### Exercise material

.....

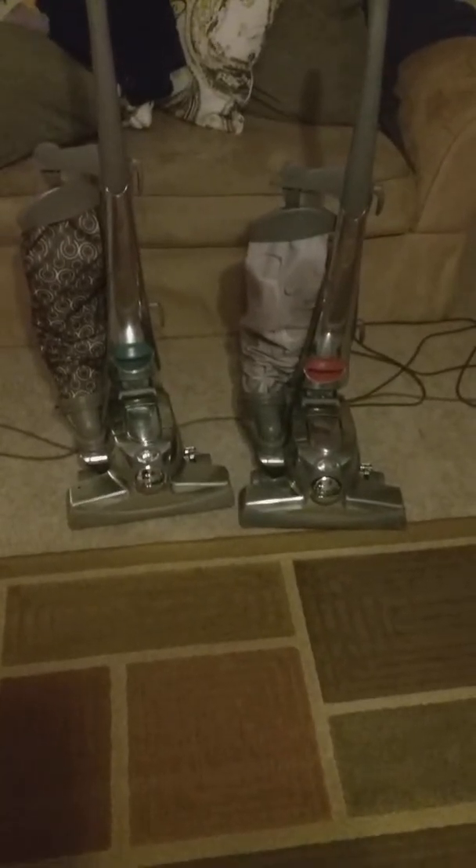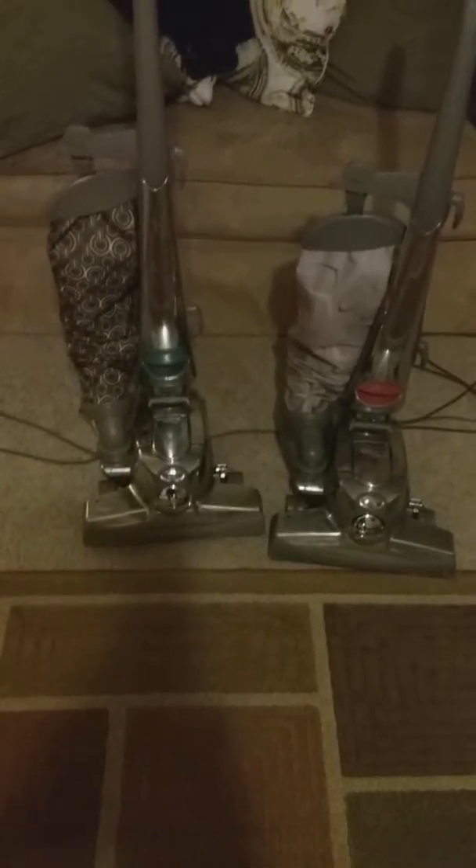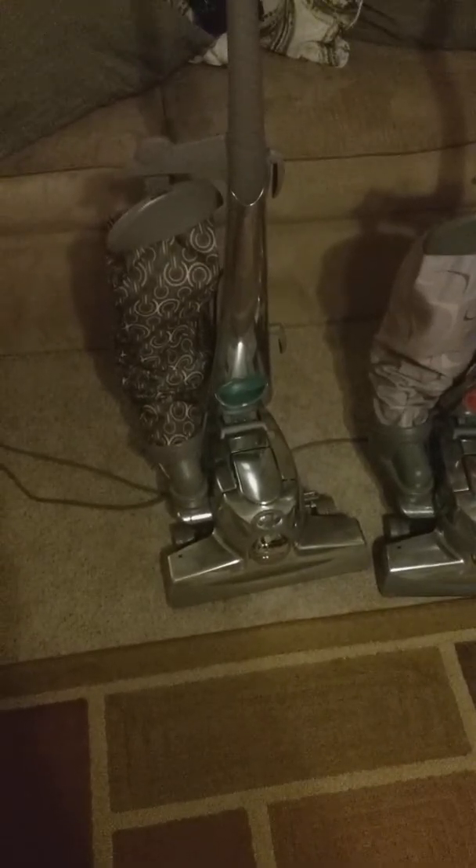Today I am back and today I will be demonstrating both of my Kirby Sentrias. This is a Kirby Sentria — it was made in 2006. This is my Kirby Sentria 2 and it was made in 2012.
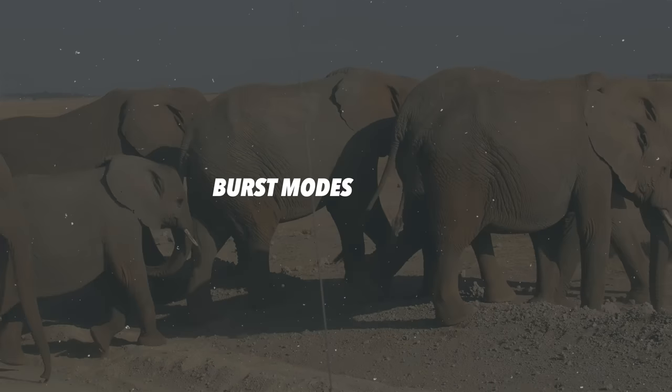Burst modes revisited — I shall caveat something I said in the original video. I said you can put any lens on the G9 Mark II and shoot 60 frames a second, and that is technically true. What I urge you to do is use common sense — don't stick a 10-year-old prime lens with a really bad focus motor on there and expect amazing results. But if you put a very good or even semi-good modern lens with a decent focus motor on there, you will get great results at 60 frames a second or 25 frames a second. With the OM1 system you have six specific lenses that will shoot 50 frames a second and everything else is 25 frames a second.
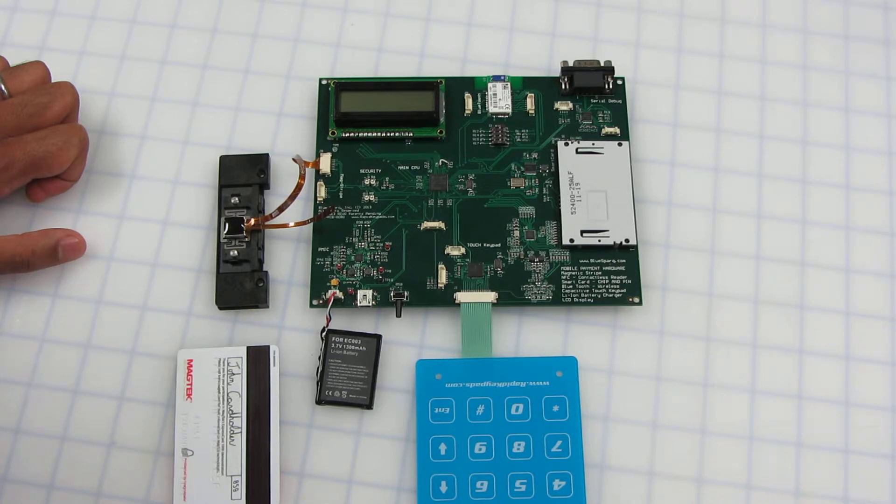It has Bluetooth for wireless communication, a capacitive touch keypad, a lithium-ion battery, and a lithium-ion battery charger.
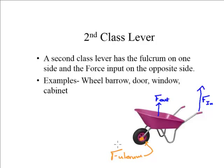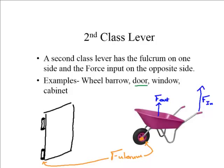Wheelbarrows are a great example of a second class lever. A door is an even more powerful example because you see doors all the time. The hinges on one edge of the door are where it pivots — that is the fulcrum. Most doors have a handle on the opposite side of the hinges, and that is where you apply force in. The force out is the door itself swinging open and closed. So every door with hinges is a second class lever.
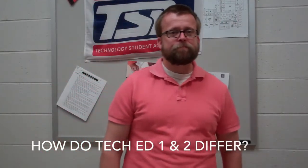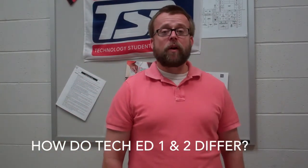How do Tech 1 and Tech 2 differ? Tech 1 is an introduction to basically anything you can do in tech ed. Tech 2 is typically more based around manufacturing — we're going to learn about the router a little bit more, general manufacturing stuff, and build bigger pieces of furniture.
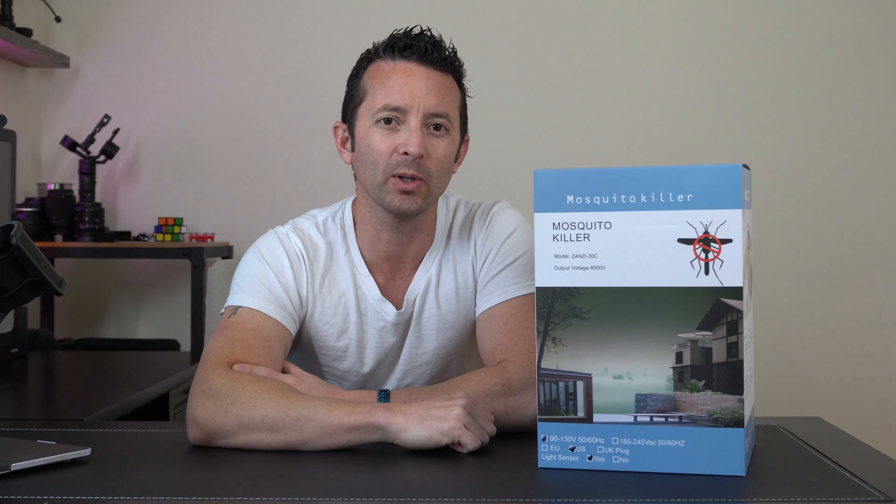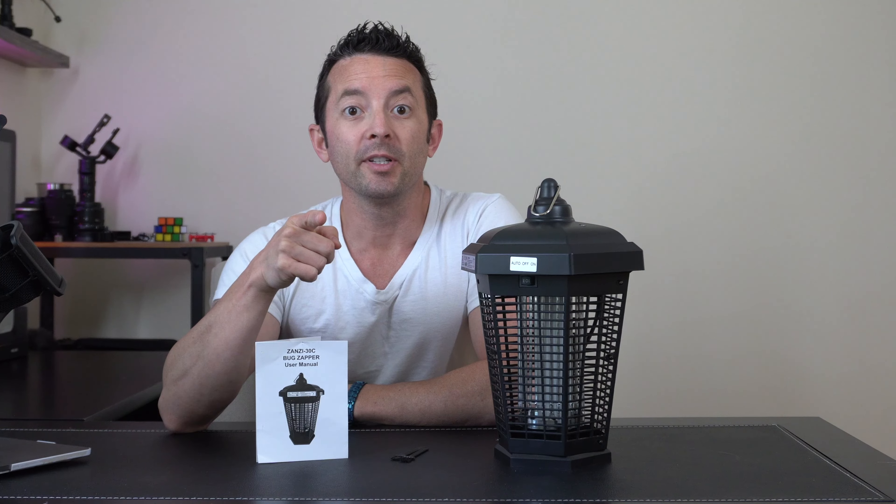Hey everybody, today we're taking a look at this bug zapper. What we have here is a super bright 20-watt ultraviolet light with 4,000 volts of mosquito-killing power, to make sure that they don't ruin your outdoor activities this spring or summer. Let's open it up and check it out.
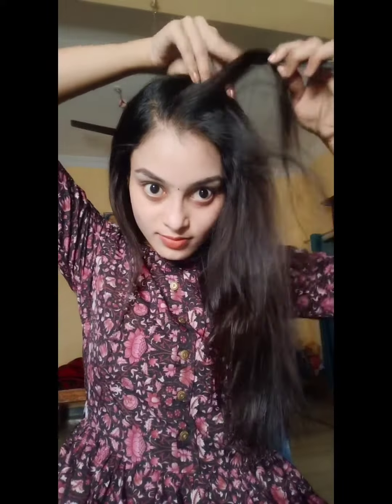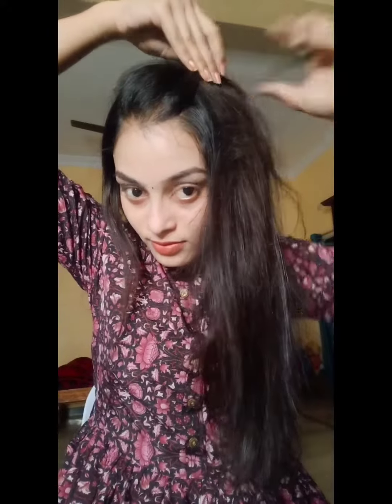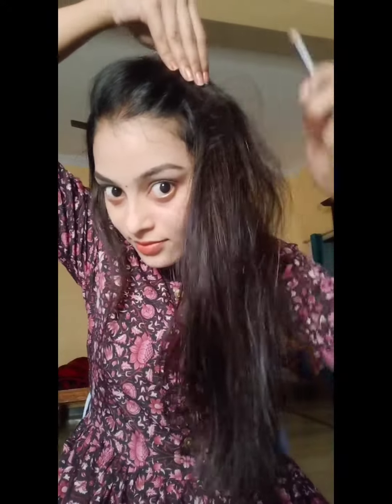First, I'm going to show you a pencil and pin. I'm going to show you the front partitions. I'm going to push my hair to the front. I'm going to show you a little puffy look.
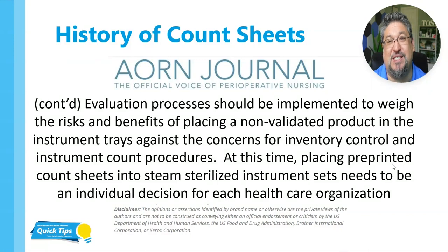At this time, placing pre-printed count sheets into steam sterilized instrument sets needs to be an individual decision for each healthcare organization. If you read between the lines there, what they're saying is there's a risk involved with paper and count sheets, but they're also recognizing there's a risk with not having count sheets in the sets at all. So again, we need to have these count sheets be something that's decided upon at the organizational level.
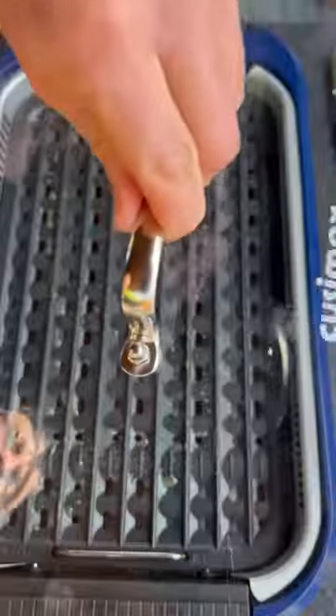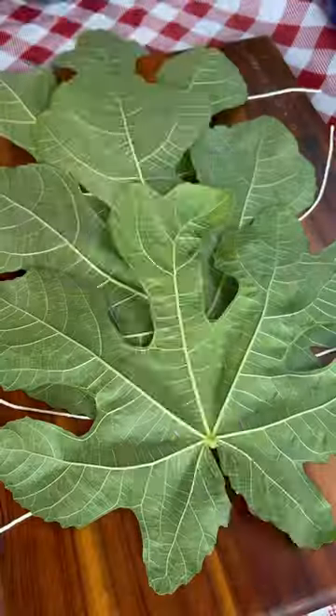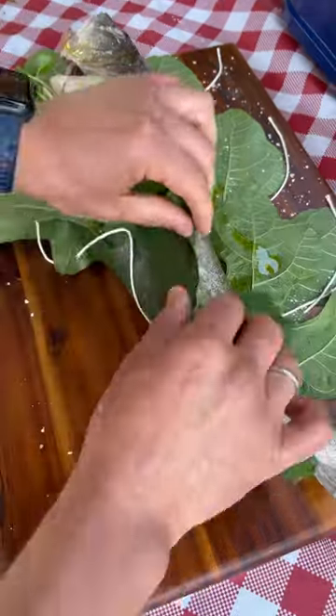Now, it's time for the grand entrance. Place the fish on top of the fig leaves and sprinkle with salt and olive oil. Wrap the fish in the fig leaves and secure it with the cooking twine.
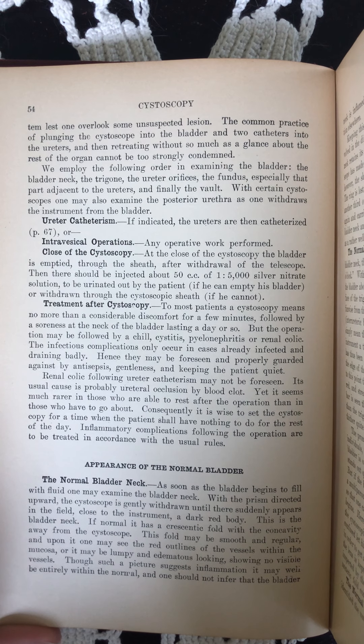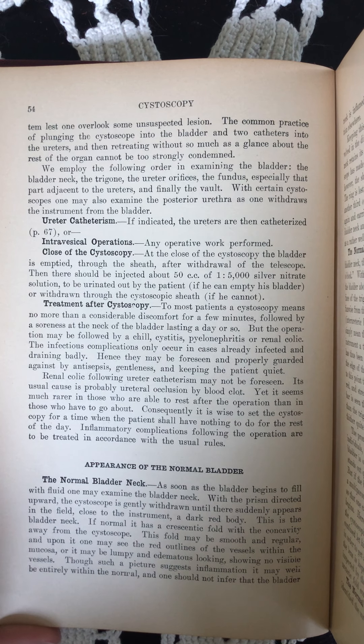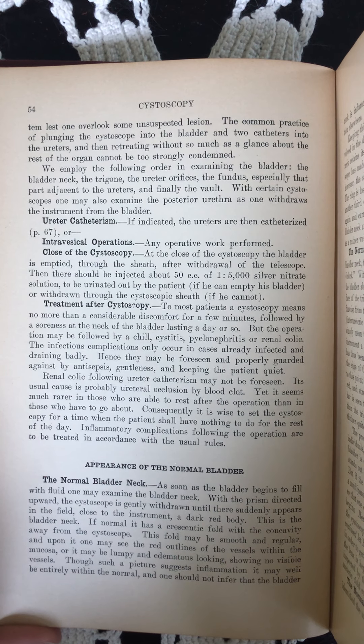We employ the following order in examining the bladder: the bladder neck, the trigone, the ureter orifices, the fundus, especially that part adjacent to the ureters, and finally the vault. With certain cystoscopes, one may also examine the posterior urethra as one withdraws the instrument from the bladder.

.....

### Required action
The full material above must be output verbatim, minus any pictures.

### Response to the exercise
Today I am back and today I will be demonstrating both of my Kirby Sentrias. This is a Kirby Sentria — it was made in 2006. This is my Kirby Sentria 2 and it was made in 2012.
Burst modes revisited — I shall caveat something I said in the original video. I said you can put any lens on the G9 Mark II and shoot 60 frames a second, and that is technically true. What I urge you to do is use common sense — don't stick a 10-year-old prime lens with a really bad focus motor on there and expect amazing results. But if you put a very good or even semi-good modern lens with a decent focus motor on there, you will get great results at 60 frames a second or 25 frames a second. With the OM1 system you have six specific lenses that will shoot 50 frames a second and everything else is 25 frames a second.
It has Bluetooth for wireless communication, a capacitive touch keypad, a lithium-ion battery, and a lithium-ion battery charger.
Wheelbarrows are a great example of a second class lever. A door is an even more powerful example because you see doors all the time. The hinges on one edge of the door are where it pivots — that is the fulcrum. Most doors have a handle on the opposite side of the hinges, and that is where you apply force in. The force out is the door itself swinging open and closed. So every door with hinges is a second class lever.
How do Tech 1 and Tech 2 differ? Tech 1 is an introduction to basically anything you can do in tech ed. Tech 2 is typically more based around manufacturing — we're going to learn about the router a little bit more, general manufacturing stuff, and build bigger pieces of furniture.
Hey everybody, today we're taking a look at this bug zapper. What we have here is a super bright 20-watt ultraviolet light with 4,000 volts of mosquito-killing power, to make sure that they don't ruin your outdoor activities this spring or summer. Let's open it up and check it out.
First, I'm going to show you a pencil and pin. I'm going to show you the front partitions. I'm going to push my hair to the front. I'm going to show you a little puffy look.
At this time, placing pre-printed count sheets into steam sterilized instrument sets needs to be an individual decision for each healthcare organization. If you read between the lines there, what they're saying is there's a risk involved with paper and count sheets, but they're also recognizing there's a risk with not having count sheets in the sets at all. So again, we need to have these count sheets be something that's decided upon at the organizational level.
Now, it's time for the grand entrance. Place the fish on top of the fig leaves and sprinkle with salt and olive oil. Wrap the fish in the fig leaves and secure it with the cooking twine.
We employ the following order in examining the bladder: the bladder neck, the trigone, the ureter orifices, the fundus, especially that part adjacent to the ureters, and finally the vault. With certain cystoscopes, one may also examine the posterior urethra as one withdraws the instrument from the bladder.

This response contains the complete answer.